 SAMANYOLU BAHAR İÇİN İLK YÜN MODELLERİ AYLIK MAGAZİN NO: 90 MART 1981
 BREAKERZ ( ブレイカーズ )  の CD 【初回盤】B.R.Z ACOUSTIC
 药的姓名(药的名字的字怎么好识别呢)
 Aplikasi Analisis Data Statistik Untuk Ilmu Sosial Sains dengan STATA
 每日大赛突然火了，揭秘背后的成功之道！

★ ★ ★ ★

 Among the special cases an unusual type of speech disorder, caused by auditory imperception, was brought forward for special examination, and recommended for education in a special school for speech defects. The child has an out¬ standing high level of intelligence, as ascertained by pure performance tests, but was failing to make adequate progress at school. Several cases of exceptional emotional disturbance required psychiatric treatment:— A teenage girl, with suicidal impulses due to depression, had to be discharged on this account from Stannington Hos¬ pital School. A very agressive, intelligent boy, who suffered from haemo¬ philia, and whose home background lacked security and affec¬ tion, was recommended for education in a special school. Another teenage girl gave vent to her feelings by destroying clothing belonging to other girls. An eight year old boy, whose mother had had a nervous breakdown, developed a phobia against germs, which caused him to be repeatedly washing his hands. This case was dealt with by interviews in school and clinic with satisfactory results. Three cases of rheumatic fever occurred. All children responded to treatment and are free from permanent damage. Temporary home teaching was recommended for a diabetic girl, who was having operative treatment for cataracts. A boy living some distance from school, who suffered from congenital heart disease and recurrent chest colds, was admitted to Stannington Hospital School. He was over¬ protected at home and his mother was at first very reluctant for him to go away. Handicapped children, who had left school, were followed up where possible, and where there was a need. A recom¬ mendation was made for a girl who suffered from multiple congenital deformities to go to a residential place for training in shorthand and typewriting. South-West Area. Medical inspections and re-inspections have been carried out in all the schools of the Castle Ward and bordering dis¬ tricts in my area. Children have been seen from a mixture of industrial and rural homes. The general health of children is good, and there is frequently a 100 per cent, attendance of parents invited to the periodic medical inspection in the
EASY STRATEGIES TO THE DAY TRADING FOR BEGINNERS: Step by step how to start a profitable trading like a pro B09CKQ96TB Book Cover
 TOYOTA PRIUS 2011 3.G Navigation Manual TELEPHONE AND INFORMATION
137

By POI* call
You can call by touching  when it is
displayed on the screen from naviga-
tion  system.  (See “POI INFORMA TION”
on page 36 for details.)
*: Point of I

★ ★ ★ ★

Which lines of the listing contain the string "call"? Copy each of them.

### [Written solution]
By POI* call
You can call by touching  when it is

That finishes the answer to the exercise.